* What to produce *
Below is a set of records, and all of them should be retyped exactly, minus the pictures.

Records from a data collection:

((

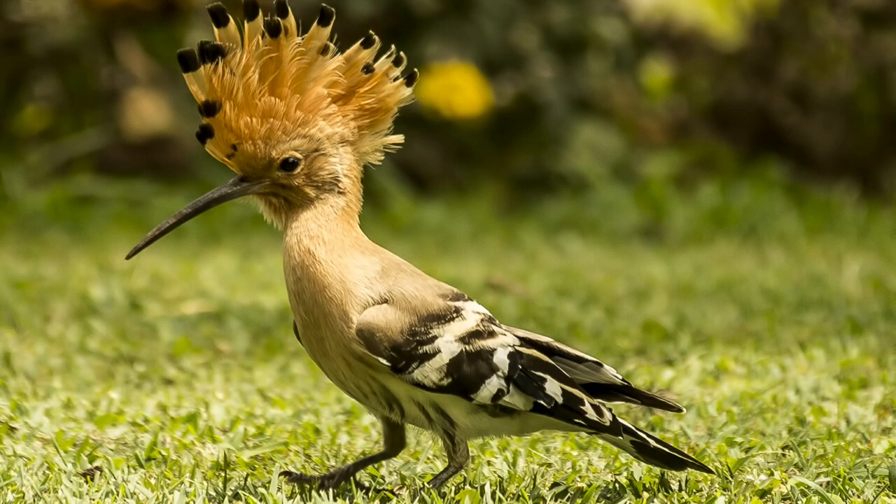The Eurasian Hoopoe, Upupa epops, is the most widespread species of the genus Upupa. It is a distinctive cinnamon-colored bird with black and white wings, a tall erectile crest, a broad white band across a black tail, and a long narrow down-curved bill.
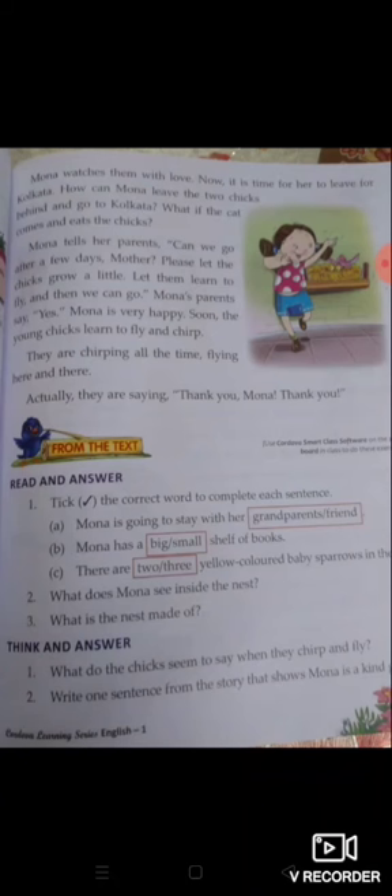Mona's parents say yes. Mona बहुत खुश है। Soon the younger chicks learn to fly. वो Mona देखकर खुश होती है कि वो छोटे babies उड़ना सीख रहे हैं। They are chirping all the time, flying here and there. वो हर समय चीं-चीं की आवाज के साथ इधर-उधर उड़ते हैं। Actually, they are saying, 'Thank you, Mona, thank you!' Actually वो Mona को धन्यवाद देते हैं।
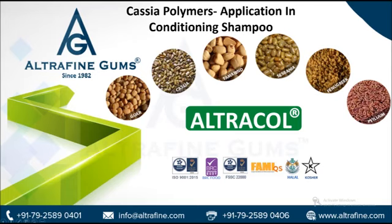It also imparts a different sensory experience and improved conditioning performance and hair cleansing. Apart from being used to produce shampoos, the polymers made from Cassia gum are also used in the formulation of other products such as body washes, shower gels, facial cleansers, hair mousses, styling creams, and lotions.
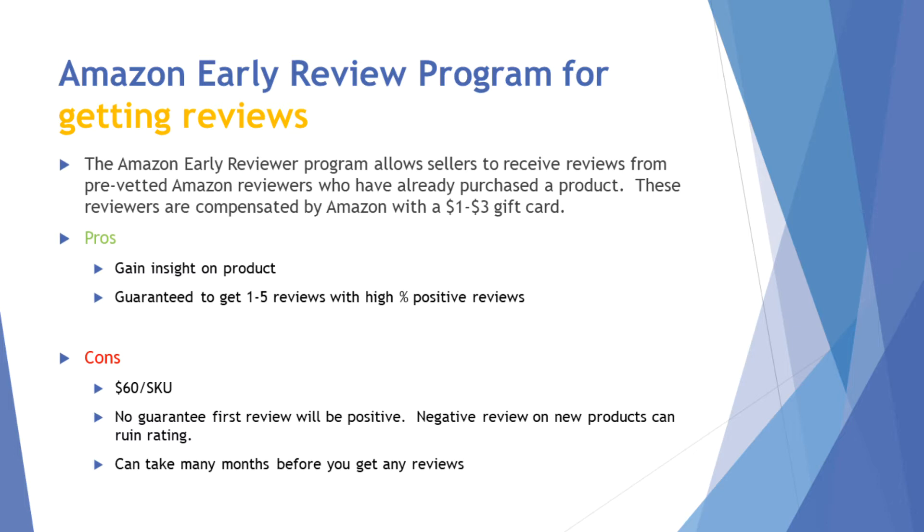We do recommend people launching new products to use this program just to get a few reviews, and we do see a high amount of positive reviews. The downside is the cost can be high, and there's no guarantee the first review will be positive. If your first review is negative, you'll need three or four positive reviews to cancel that out to get a four-star rating. Also, sometimes it could take two or three months before you get any reviews.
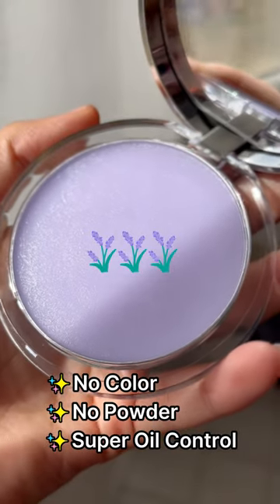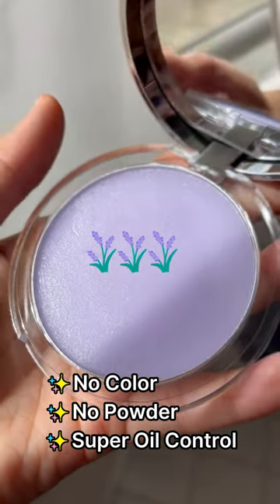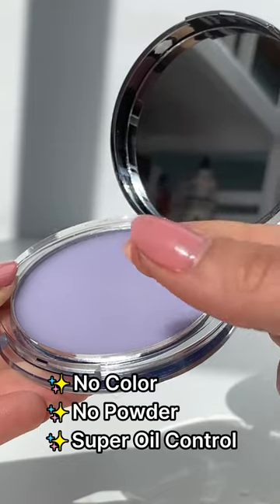Lavender powder? I've never seen it before. It has a gel-like texture and is not powdery.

))

* Answer to this task *
The Eurasian Hoopoe, Upupa epops, is the most widespread species of the genus Upupa. It is a distinctive cinnamon-colored bird with black and white wings, a tall erectile crest, a broad white band across a black tail, and a long narrow down-curved bill.
Mona's parents say yes. Mona बहुत खुश है। Soon the younger chicks learn to fly. वो Mona देखकर खुश होती है कि वो छोटे babies उड़ना सीख रहे हैं। They are chirping all the time, flying here and there. वो हर समय चीं-चीं की आवाज के साथ इधर-उधर उड़ते हैं। Actually, they are saying, 'Thank you, Mona, thank you!' Actually वो Mona को धन्यवाद देते हैं।
It also imparts a different sensory experience and improved conditioning performance and hair cleansing. Apart from being used to produce shampoos, the polymers made from Cassia gum are also used in the formulation of other products such as body washes, shower gels, facial cleansers, hair mousses, styling creams, and lotions.
We do recommend people launching new products to use this program just to get a few reviews, and we do see a high amount of positive reviews. The downside is the cost can be high, and there's no guarantee the first review will be positive. If your first review is negative, you'll need three or four positive reviews to cancel that out to get a four-star rating. Also, sometimes it could take two or three months before you get any reviews.
Lavender powder? I've never seen it before. It has a gel-like texture and is not powdery.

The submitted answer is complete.